Nascido em meio ao mato virgem de Rio Bonito, interior do município de Rio dos Cedros, Alvino passou os primeiros anos de vida cercado por natureza bruta. Seu pai, Emílio, desmatou o suficiente para erguer uma casa simples, onde começou a história da família. Aos cinco anos, mudou-se para o bairro 15 de Setembro, onde viveu por décadas, até que o destino o trouxe para Timbó, no bairro das Capitais. Com sua esposa, Frida, o filho Kunibert e a filha Guisela, recomeçou mais uma vez, como era costume entre os colonos de seu tempo.
A vida de Alvino Ittner foi forjada no cabo da enxada. Entre plantações, criação de gado e o trabalho no açougue do Baia, em Rio dos Cedros, construiu seus dias. Mais tarde, em Timbó, dedicou 25 anos ao cuidado dos jardins da casa e da fazenda do senhor Tonoly. Sua alimentação vinha da roça: tudo era plantado e colhido com as próprias mãos. A rotina começava cedo, com o trato das vacas, o leite tirado na hora e o trabalho no campo até o fim da luz do dia.
As lembranças de infância são feitas de terra, de cheiros de comida no fogão a lenha e de brincadeiras simples: esconde-esconde no mato, rodas puxadas por cachorros, imitações de toras sendo levadas – tudo na imaginação viva das crianças.
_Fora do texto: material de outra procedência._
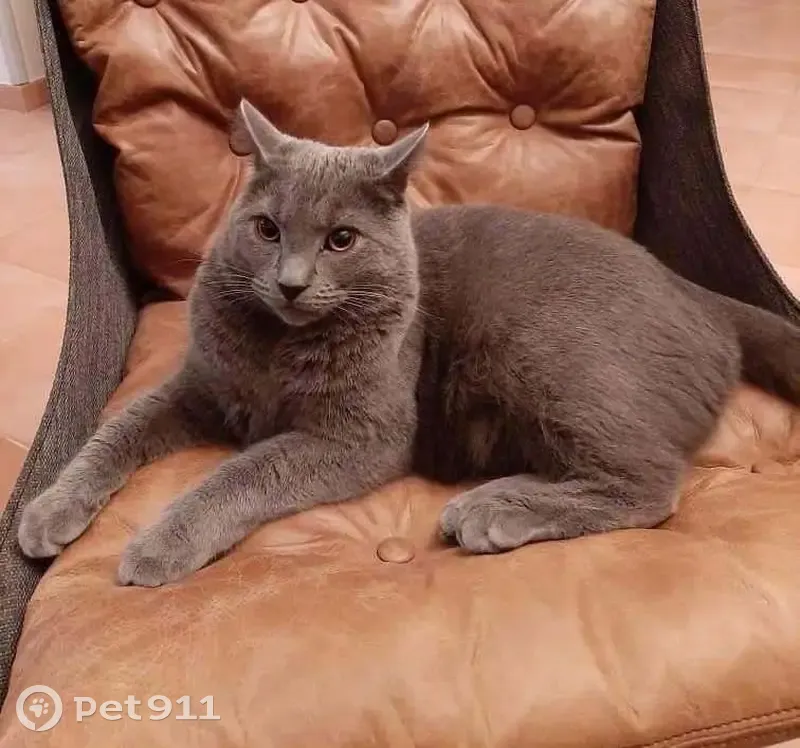 CHAT PERDU - APPEL À AIDE - photo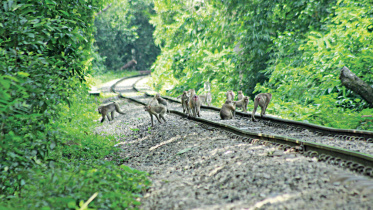 ছবি: স্টার।
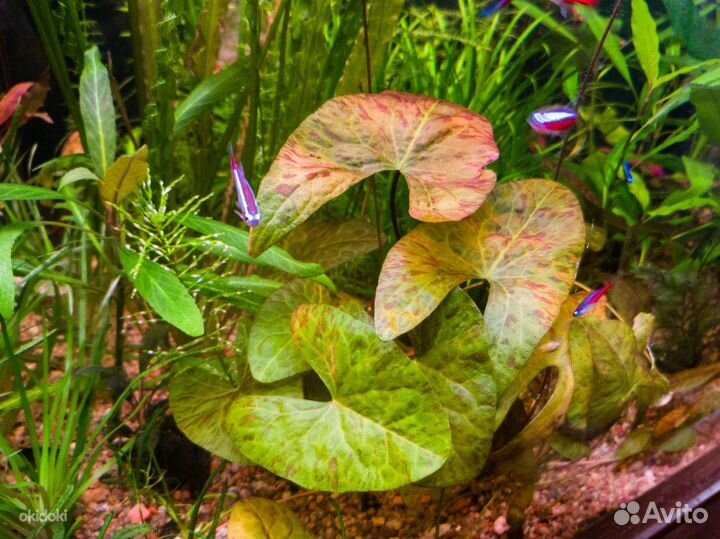 Нимфея - Nymphaea растение в аквариум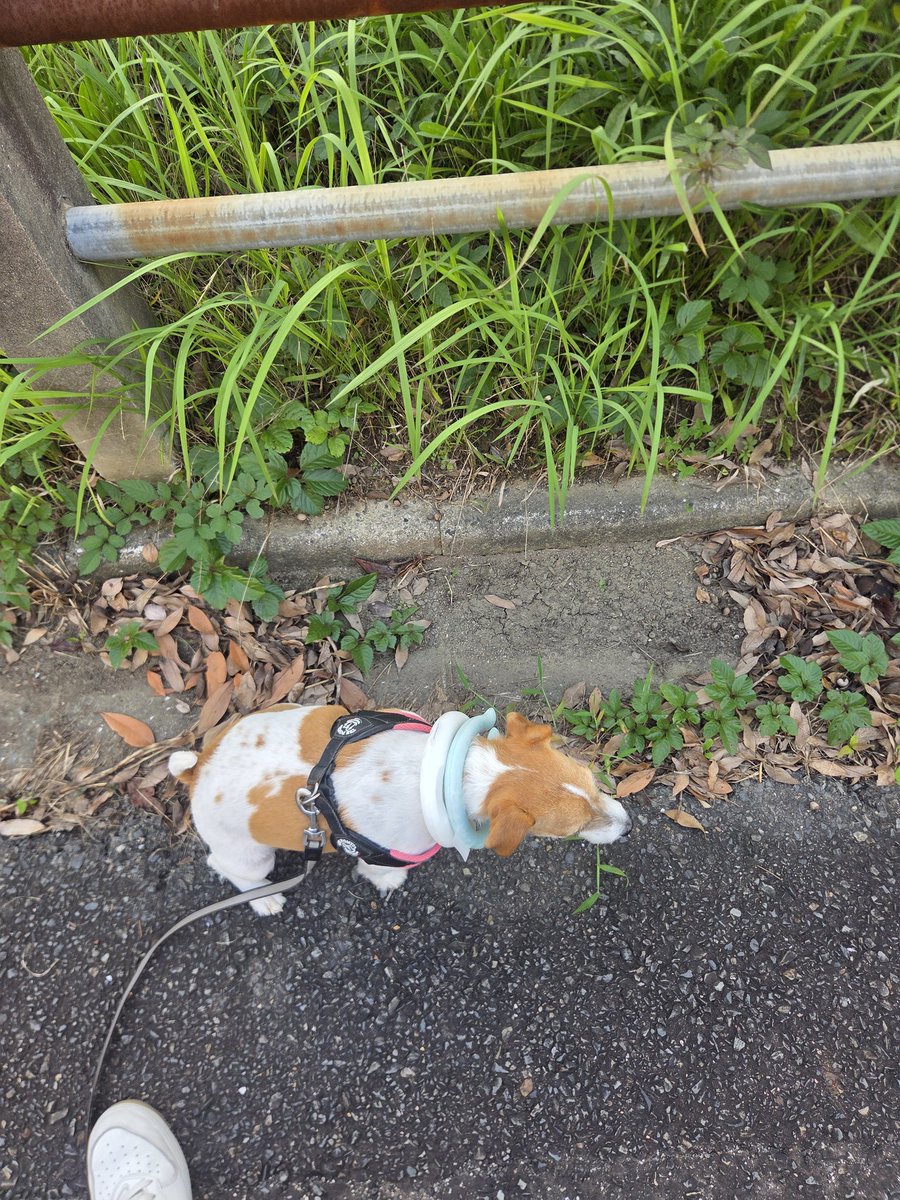 DaisukeWakasa's tweet photo. 福岡県が梅雨明け

暑くなってきたので獣🐶の散歩も付けても嫌がらないので人間用のネッククーラーをありったけ付けて散歩です https://t.co/yx4ulQhBic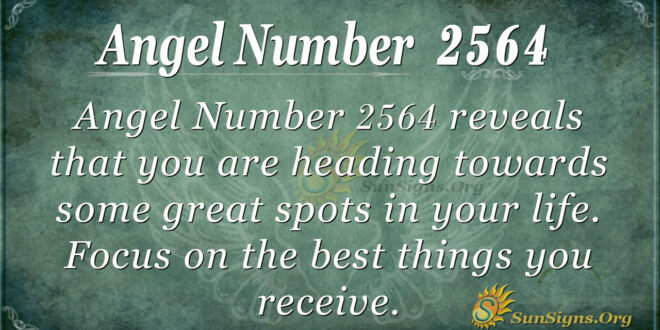 Angel Number 2564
Não havia televisão, tampouco celular. Havia as domingueiras, as conversas ao redor do fogão, os homens jogando baralho, as mulheres trocando histórias e risadas. Era assim que se vivia.
A língua falada em casa era o dialeto alemão, o Platt, que se misturava com o português aos poucos, com o passar das gerações. Alvino se recorda com carinho de sua confirmação religiosa, quando ganhou sua primeira calça comprida, com suspensório. A religião protestante sempre foi o pilar da família, que ensinava o valor da honestidade, do trabalho e da fé.
Com emoção, relembra os tempos difíceis da criação dos filhos, quando o dinheiro era escasso e a criatividade era lei: fraldas feitas com sacos de trigo, roupas costuradas a partir de lençóis usados, bolsas escolares feitas com o que havia. Os tamancos de madeira protegiam do frio no inverno; no verão, os pés descalços encaravam o chão da roça e o caminho até a escola.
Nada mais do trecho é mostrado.